----- DATA IN THIS EXERCISE -----

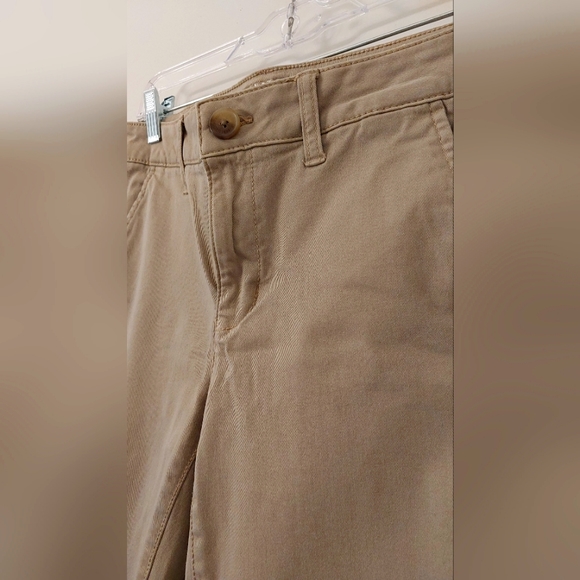 American Eagle Outfitters Super Stretch Skinny Fit Khaki Pants Size 8 Short - Picture 1 of 7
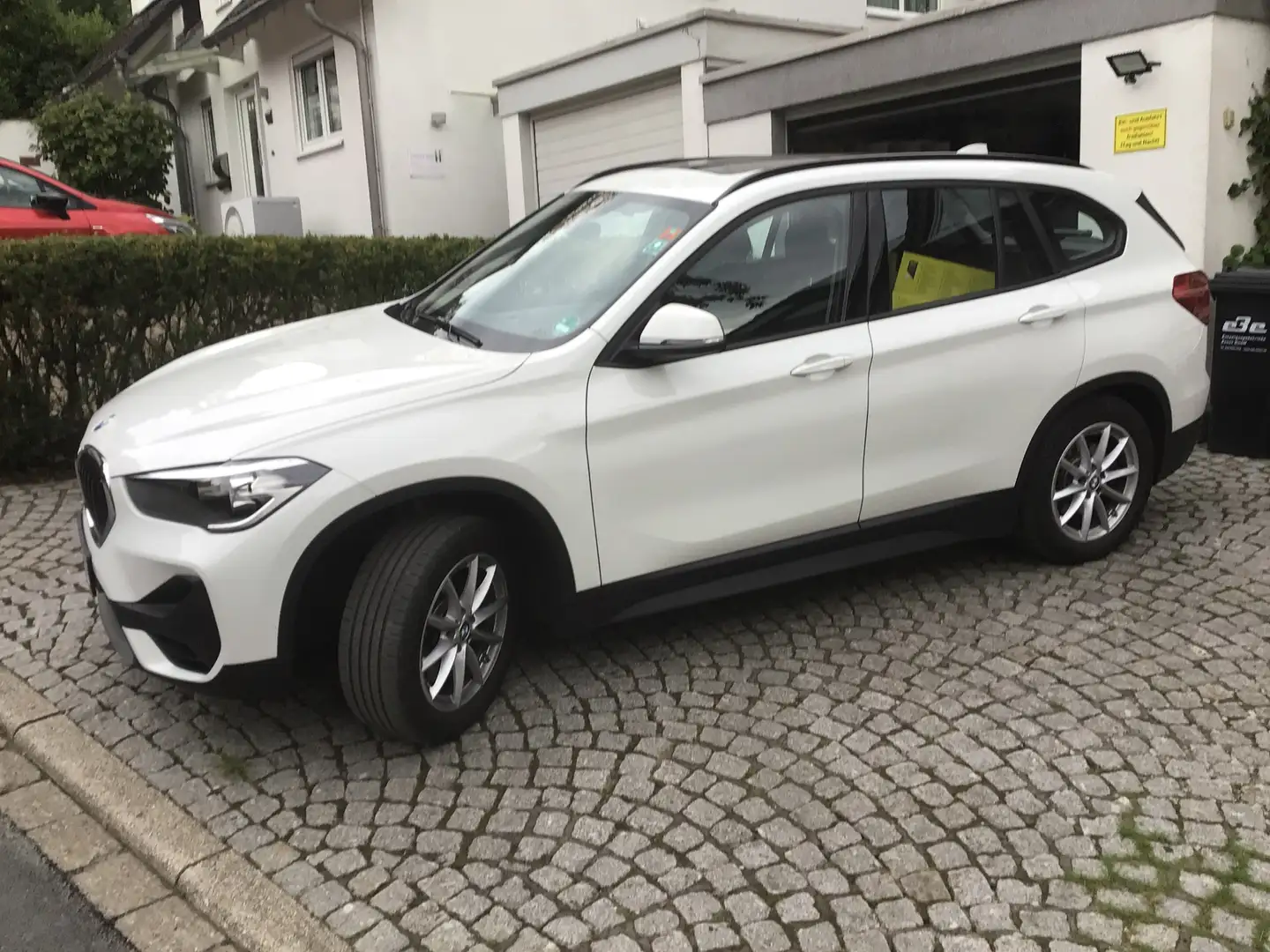 BMW X1 xDrive 20 i Weiß - 2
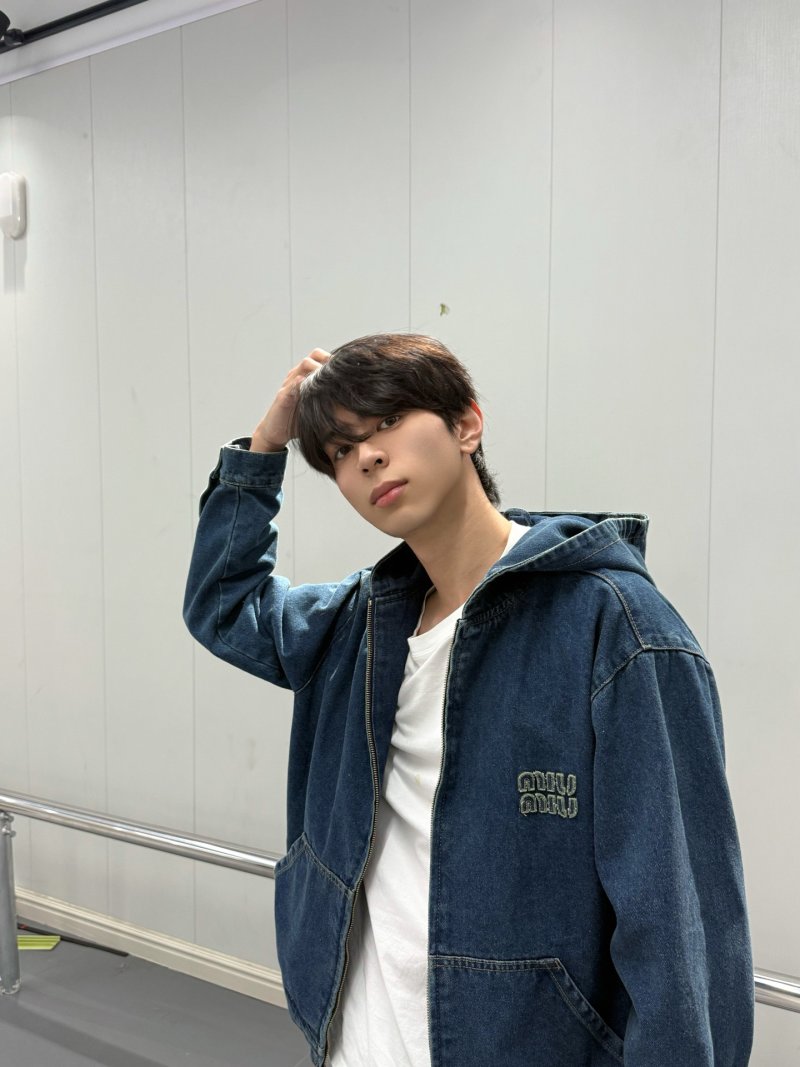 Vintage Wash Denim Zip Jacket Navy Blue view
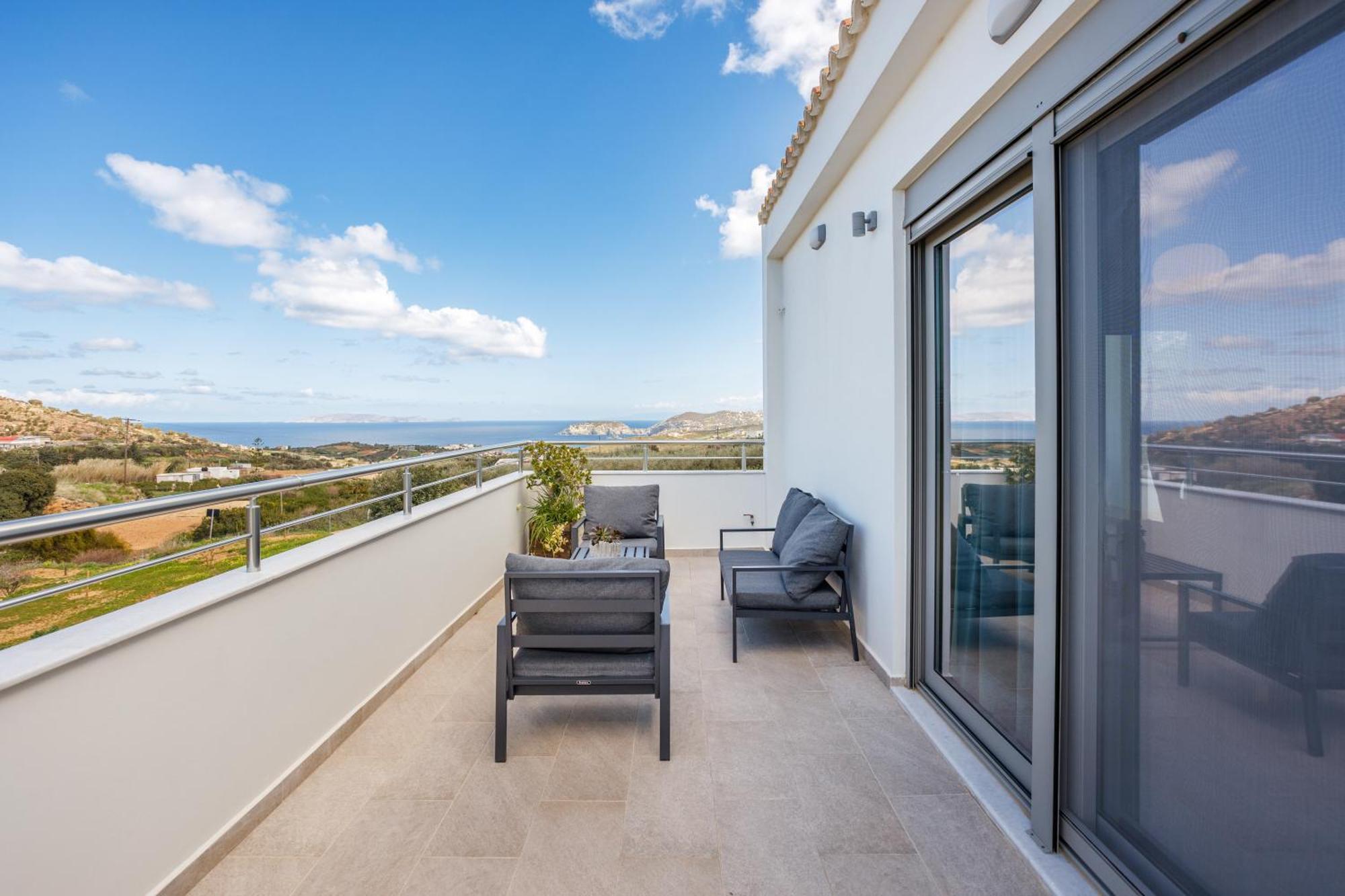 Aelia Home, Villa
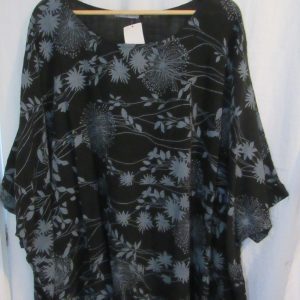 NEW Ladies Women Black Floral Lightweight Pocket Plus Size Top One size fits sizes 22 24 26 28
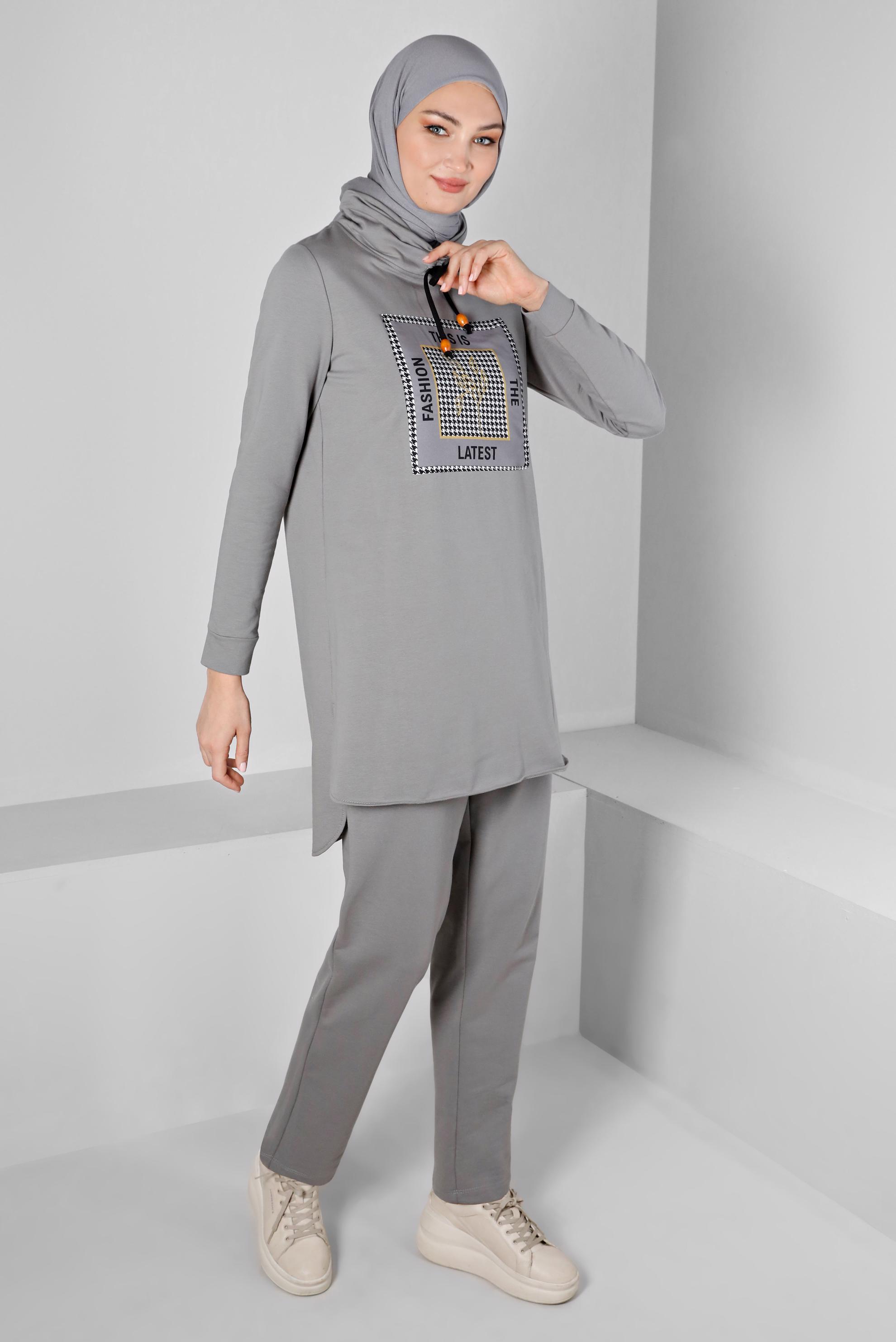 Tesettür giyim GRİ YAZI BASKILI BAĞCIK DETAYLI İKİLİ PANT. EŞOFMAN TAKIMI 43347 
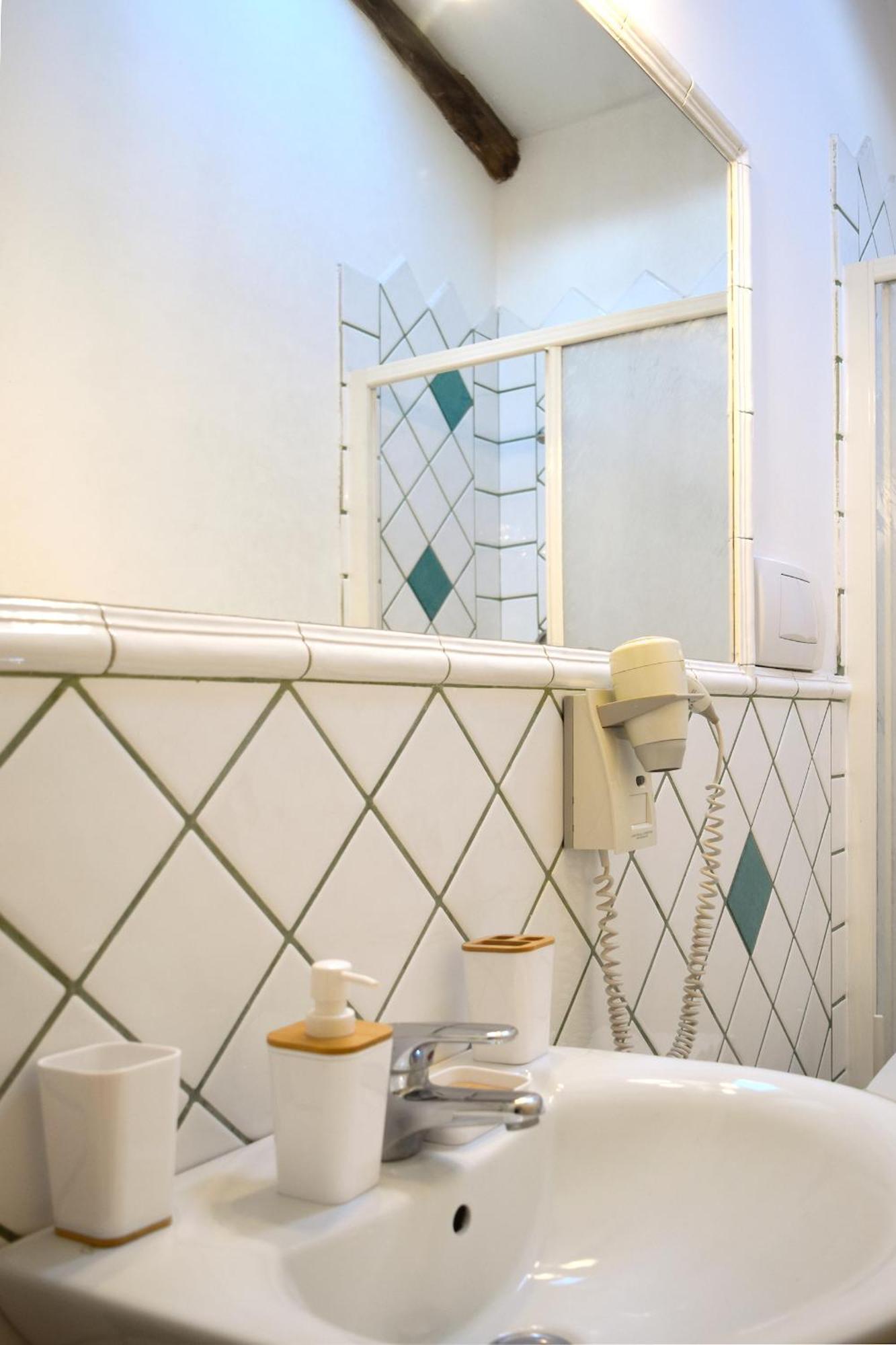 Int 4 - Suite Edoardo By Residence San Luca โบโลญญา ภายนอก รูปภาพ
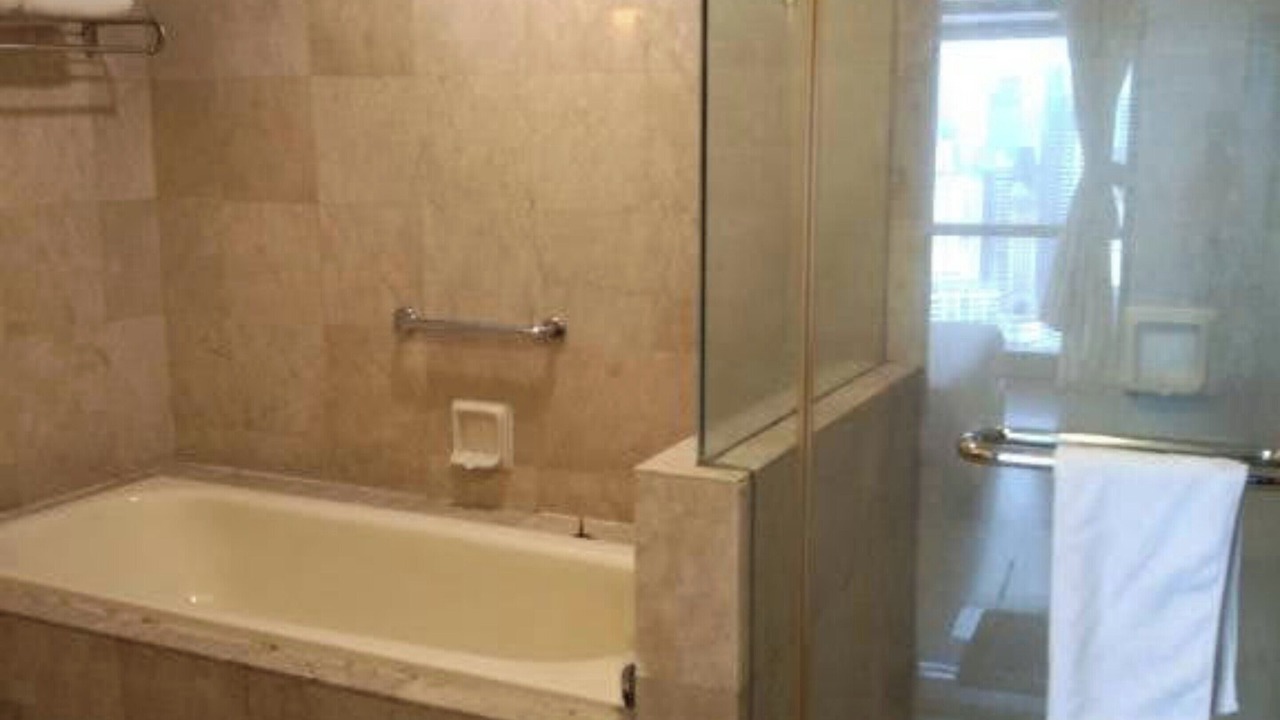 Photo of Bathroom in Imbi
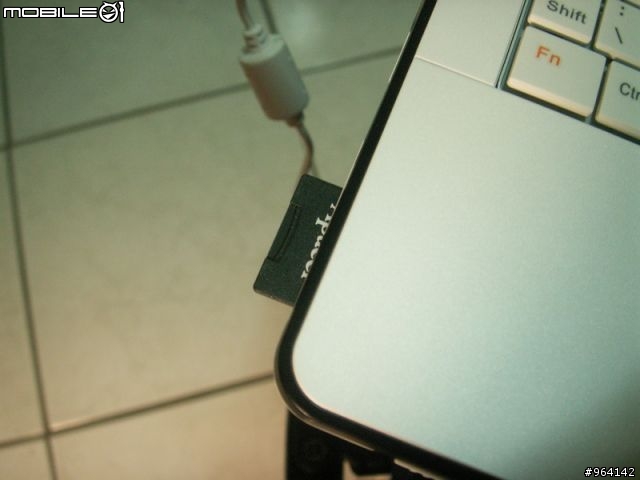 [開箱] 精英小筆電 ECS G10il 內建3.5G開箱文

-----

What is needed is an exact copy of the lines from the line with "Int 4 - Suite" to the end of the data above, both included, without any pictures.

▸ **EXPECTED OUTPUT**:
 Int 4 - Suite Edoardo By Residence San Luca โบโลญญา ภายนอก รูปภาพ
 Photo of Bathroom in Imbi
 [開箱] 精英小筆電 ECS G10il 內建3.5G開箱文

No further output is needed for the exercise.